No question, the Arrowhead 135 is a grueling endurance race — a 135-mile trek across snow-covered Minnesota trails in January, when temperatures dip well below zero. Only half of the participants even finish the race, which takes at least 30 hours to complete.
Last year, Svetlana Vold placed second among women bike riders and soon after became pregnant. When she learned her due date was November 2015, she said to husband, Dan, “Now, I can do Arrowhead.”
While many would balk at competing in an intense race so soon after giving birth, Vold felt she could compete.
“Why not? I did it before. How hard the race is, is not not something new to me,” she told TODAY.
Dan didn’t dissuade her or call her crazy. He simply agreed.
“My husband knows that [racing] is very important to me,” she said.
But not everyone thought that training for an ultra race while pregnant seemed wise. When Vold visited family in her native Belarus, people expressed alarm.
“They were telling me ‘You are crazy — you are still riding a bike.’ And I said ‘Yeah, I am not sick, I am just pregnant,’” she said.
While most competitors train hard for the race throughout the year, Vold believed two months after birth gave her enough time to train hard enough to reach her goal of simply finishing. She had remained very active during pregnancy; she rode her bike daily for about 20 miles until the day before she gave birth. Two days after delivering daughter, Yeva, Vold started running with the baby in a stroller.
“It was hard. My whole body hurt. It was a slow run,” she said.
Yet, she kept training, and completed a half-marathon and two 10-mile bike races, where she took second and third place. Placing in the races gave her the mental strength she needed.
“I am in good shape if I can beat a woman who had not just birthed a baby. It is not so bad, I am ready,” she said.
But Vold faced a problem — how would she pump? While she froze a store of milk for Yeva, she knew she couldn’t go two days without pumping. Dan brought a heavily bundled seven-week-old Yeva to two of the rest stops, where Vold breastfed her; other times she used a portable breast pump. She stopped about seven times and each feeding or pumping session took 15 to 20 minutes. Her milk production dropped because she sweated so much, and she struggled to drink enough water, especially at night, when it froze solid inside her water bottle.

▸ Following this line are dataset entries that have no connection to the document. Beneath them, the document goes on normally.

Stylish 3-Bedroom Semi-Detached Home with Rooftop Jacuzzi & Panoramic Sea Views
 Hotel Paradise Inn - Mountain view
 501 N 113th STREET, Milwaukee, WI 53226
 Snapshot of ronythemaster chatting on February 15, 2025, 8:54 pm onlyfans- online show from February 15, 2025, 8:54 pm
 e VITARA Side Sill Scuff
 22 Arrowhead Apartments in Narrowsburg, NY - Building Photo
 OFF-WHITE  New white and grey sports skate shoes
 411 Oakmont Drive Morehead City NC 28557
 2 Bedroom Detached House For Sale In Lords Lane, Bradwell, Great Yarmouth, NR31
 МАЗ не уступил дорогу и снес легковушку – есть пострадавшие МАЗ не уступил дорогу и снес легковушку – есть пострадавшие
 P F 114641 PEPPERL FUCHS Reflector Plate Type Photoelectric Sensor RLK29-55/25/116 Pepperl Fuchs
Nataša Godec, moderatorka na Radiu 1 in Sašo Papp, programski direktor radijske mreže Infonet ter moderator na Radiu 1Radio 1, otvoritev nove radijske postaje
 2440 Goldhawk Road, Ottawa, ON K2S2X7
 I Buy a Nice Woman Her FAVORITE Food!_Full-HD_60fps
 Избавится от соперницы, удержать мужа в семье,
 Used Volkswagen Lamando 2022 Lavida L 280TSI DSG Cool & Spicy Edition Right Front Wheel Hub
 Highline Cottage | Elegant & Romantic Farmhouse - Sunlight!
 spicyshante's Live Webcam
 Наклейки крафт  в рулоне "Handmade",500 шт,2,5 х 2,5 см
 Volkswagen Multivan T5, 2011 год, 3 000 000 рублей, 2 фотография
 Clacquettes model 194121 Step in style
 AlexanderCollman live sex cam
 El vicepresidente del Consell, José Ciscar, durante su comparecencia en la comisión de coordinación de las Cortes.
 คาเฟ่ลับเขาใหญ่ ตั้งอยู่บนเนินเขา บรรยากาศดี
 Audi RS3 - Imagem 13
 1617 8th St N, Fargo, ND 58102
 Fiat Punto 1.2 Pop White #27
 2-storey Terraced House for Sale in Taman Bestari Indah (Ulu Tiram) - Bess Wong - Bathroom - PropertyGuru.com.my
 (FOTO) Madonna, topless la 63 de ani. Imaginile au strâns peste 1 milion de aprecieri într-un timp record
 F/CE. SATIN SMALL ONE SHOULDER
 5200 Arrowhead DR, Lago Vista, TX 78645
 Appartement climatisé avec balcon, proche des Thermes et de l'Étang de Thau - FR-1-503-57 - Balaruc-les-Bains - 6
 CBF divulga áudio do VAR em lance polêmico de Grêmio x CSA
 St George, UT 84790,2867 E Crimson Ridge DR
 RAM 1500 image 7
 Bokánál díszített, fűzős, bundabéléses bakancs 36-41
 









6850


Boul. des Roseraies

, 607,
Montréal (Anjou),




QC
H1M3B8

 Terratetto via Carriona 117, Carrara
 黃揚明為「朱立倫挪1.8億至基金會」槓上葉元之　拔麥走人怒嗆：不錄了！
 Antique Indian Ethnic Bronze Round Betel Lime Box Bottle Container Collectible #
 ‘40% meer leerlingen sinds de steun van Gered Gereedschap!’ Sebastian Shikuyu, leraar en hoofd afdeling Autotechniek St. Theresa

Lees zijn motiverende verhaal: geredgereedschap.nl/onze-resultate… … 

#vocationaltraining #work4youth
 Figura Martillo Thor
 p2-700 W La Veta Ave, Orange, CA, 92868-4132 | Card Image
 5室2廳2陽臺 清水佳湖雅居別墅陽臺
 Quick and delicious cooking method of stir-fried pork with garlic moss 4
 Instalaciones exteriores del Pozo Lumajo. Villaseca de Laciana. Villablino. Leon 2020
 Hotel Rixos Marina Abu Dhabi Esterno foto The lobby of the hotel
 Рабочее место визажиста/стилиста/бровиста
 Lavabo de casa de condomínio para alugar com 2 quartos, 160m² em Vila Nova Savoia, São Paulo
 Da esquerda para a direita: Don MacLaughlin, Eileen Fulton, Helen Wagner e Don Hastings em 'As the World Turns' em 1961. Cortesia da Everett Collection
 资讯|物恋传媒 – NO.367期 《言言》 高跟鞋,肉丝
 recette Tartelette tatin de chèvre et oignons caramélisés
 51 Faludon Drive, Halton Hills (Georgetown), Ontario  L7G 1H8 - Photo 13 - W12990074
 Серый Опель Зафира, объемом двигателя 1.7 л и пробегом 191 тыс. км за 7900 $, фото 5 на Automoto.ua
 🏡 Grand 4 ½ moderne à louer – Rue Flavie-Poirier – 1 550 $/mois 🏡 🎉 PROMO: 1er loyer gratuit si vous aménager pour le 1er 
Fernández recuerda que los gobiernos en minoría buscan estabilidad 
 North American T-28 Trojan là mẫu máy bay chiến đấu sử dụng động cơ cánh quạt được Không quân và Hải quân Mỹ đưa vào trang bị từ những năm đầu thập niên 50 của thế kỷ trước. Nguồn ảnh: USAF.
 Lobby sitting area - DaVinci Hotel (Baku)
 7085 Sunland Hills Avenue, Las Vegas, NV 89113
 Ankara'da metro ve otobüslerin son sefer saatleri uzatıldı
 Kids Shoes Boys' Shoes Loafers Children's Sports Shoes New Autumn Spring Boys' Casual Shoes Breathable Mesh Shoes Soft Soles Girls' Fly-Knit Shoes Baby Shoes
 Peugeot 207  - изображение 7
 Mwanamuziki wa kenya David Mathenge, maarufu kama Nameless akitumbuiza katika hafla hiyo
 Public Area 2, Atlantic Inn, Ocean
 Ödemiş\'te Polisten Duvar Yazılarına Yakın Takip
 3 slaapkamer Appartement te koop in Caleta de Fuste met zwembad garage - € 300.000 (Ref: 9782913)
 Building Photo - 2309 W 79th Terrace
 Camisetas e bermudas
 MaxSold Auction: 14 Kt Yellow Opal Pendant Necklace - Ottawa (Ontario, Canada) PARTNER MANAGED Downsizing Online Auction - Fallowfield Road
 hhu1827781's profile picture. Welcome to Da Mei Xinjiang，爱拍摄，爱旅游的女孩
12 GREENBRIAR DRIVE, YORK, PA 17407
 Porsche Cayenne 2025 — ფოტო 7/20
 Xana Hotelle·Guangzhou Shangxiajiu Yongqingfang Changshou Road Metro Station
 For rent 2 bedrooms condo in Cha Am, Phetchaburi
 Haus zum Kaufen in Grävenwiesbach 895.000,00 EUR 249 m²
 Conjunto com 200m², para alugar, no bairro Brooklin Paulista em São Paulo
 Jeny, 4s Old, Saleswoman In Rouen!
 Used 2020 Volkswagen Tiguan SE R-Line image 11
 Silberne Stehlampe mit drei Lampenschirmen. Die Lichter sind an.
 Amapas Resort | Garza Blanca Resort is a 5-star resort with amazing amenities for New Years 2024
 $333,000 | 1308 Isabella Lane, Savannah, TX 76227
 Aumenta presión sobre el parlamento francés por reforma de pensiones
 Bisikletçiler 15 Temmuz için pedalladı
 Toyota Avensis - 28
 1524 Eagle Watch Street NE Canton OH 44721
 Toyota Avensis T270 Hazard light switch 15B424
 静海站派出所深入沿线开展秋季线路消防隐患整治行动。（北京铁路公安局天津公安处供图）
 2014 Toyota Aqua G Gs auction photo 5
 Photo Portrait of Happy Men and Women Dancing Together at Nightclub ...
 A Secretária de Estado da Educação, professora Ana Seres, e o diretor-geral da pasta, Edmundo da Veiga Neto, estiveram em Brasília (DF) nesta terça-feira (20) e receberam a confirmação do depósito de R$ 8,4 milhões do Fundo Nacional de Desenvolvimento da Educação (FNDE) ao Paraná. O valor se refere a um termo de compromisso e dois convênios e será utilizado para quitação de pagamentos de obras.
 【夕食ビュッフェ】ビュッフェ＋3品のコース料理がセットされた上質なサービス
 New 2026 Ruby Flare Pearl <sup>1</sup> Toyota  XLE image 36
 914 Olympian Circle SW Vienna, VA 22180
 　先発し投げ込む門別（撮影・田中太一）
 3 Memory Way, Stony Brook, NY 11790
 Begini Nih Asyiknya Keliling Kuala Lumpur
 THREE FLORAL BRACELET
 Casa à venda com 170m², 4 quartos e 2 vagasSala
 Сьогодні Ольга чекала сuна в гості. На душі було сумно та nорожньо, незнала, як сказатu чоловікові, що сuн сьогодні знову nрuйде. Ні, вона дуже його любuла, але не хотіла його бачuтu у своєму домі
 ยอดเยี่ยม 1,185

While pumping added minutes to her final time, she also faced tough race conditions. Temperatures of 25 degrees caused soft snow, meaning Vold had to push her bike more than usual. And after riding for hours, she experienced hallucinations, especially at night. She thought she saw a person standing on the trail, but realized it was a tree.
“It is very hard trail during the night, and also you want to sleep,” she said.
But the night rides felt easier because, as a new mom, she was used to being sleep-deprived. When Vold arrived at the third checkpoint, she learned she was in third place, a position she held until the end of the race, which she finished in 31 hours and 44 minutes.
Vold attributes her success to the support of her husband. While she’s pleased she placed, she’s just thrilled she finished, and hopes she can serve as a role model to women who feel they can’t be mothers and still be competitive.
“My experience can show … you can," she said. "You can still ride a bicycle and still can have a baby.”